Caspar: Ja, wir haben den Staat nach den Urteilen des Verfassungsgerichts und dem Streit um die Volkszählung in den 1980ern im Sinne von Thomas Hobbes für einen datenschutzrechtlich gebändigten Leviathan gehalten. Da haben wir uns getäuscht. Es zeigt sich: Wir sind vom Überwachungsstaat zu einer Überwachungsgesellschaft und doch wieder zurück zum Überwachungsstaat gekommen, der selbst die Überwachungsgesellschaft für seine Zwecke ausnutzt.
Weiß man mittlerweile, was die NSA genau abgreifen? Geht es nur um Verbindungsdaten, oder werden alle Inhalte von E-Mails gespeichert?
Caspar: Die letzten Enthüllungen gerade über das Computersystem XKeyscore zeigen, dass theoretisch alles, was im Internet passiert, in Echtzeit gespeichert werden könnte. Allerdings stößt das System an die Grenzen der Speicher- und Durchleitungskapazität. Deswegen sind die Geheimdienste darauf angewiesen, auf Internetanbieter und soziale Medien zuzugreifen, etwa durch das Programm Prism, um weit in die Vergangenheit zurück recherchieren zu können.
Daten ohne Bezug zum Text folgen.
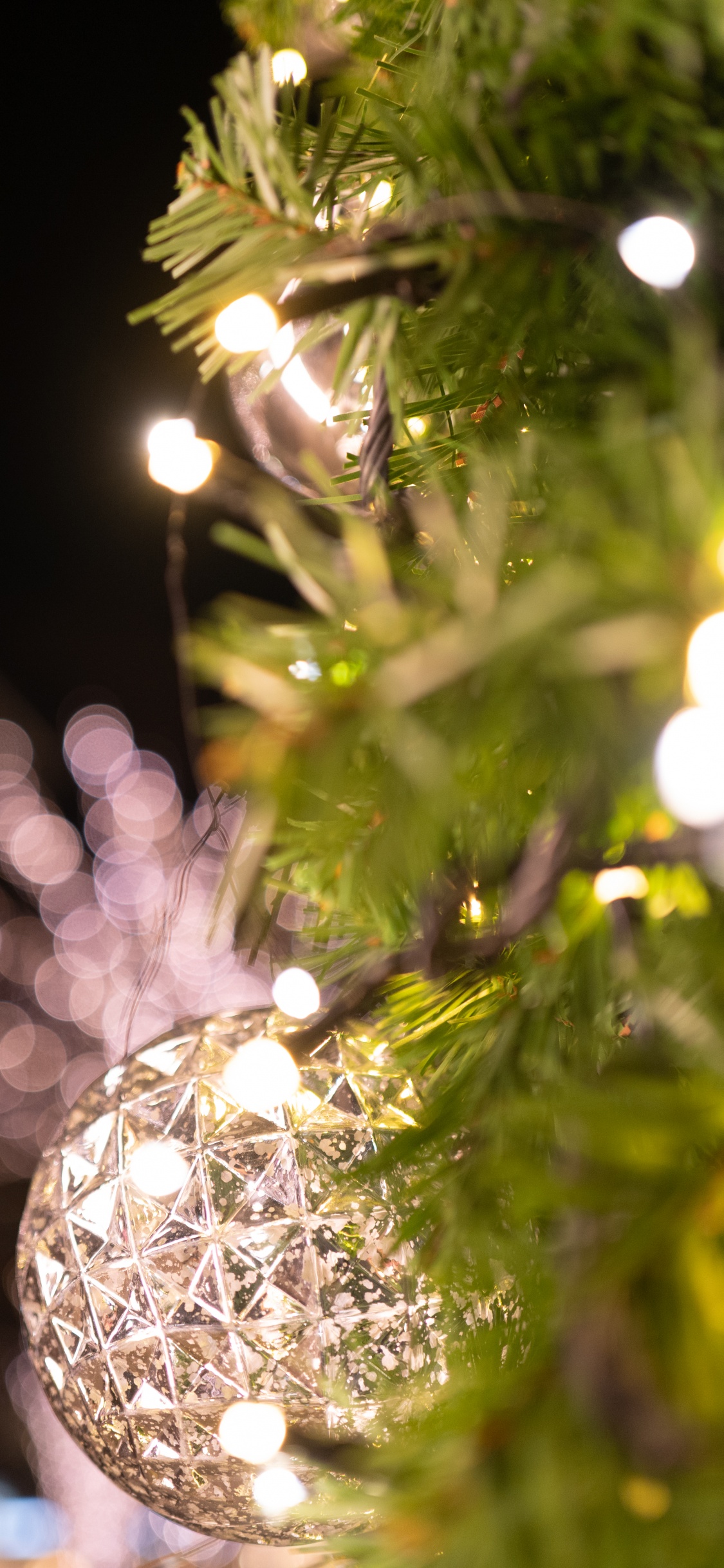 Planta Leñosa, Luz, Navidad, Ramita, Adorno de Navidad. Wallpaper in 1125x2436 Resolution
Sie haben bei den in Hamburg ansässigen Unternehmen Google, Facebook und AOL angefragt, ob diese Daten an Geheimdienste weiter gegeben haben. Haben Sie schon Antworten erhalten?
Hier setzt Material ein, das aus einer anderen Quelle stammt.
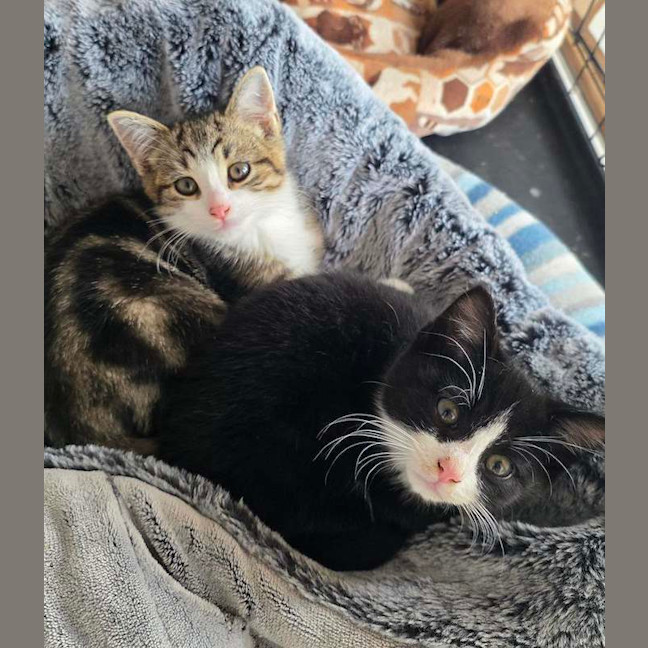 Photo of Chooper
Caspar: Ja. Es wurde im Grunde von den Unternehmen bestritten, dass man überhaupt etwas von Prism wusste. Und es wurde ein massiver Zugriff auf die Nutzerdaten verneint. Gleichzeitig wurde deutlich gemacht, dass man keinen Zugriff auf Server durch Geheimdienste zulässt. Im Wesentlichen wurden wir dabei auf öffentliche Verlautbarungen verwiesen.
Ist das glaubhaft und befriedigend?
Caspar: Das ist am Ende eine unbefriedigende Antwort. Es gibt keine Gewissheiten. Wir geraten gegenwärtige in eine Spirale des Misstrauens. Dort kann uns nur rückhaltlose staatliche Transparenz heraushelfen.
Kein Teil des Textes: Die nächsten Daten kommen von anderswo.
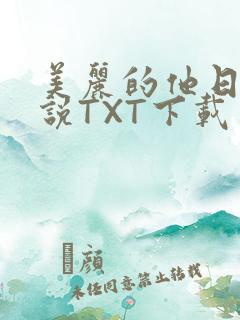美丽的他日剧小说TXT下载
Sie haben ja in anderem Zusammenhang gegen Google rechtliche Schritte eingeleitet. Gehen Sie auf ähnliche Weise nun gegen die Geheimdienste vor? Die deutschen Dienste profitieren ja auch von den Daten der NSA.
Caspar: In der Tat darf der BND auf Antrag so genannte strategische Beschränkungen für internationale Telekommunikations-Beziehungen in Höhe von 20 Prozent der Übertragungskapazität durchführen. Dies ist zulässig zur Sammlung von Informationen über Sachverhalte, deren Kenntnis notwendig ist, um insbesondere die Gefahr von terroristische Anschlägen rechtzeitig zu erkennen und einer solchen Gefahr zu begegnen. Insgesamt werden wir eine Diskussion über eine klare Regelung der Befugnisse und eine effizientere Kontrolle der Geheimdienste auf nationaler wie auch auf internationaler Ebene führen müssen. Dabei sollte auch überdacht werden, ob die Datenschutzbeauftragten bei der Kontrolle der Geheimdienste stärker einbezogen werden können. Zunächst müssen aber erst einmal die Fakten auf den Tisch. Hier trifft die Regierung eine besondere Pflicht.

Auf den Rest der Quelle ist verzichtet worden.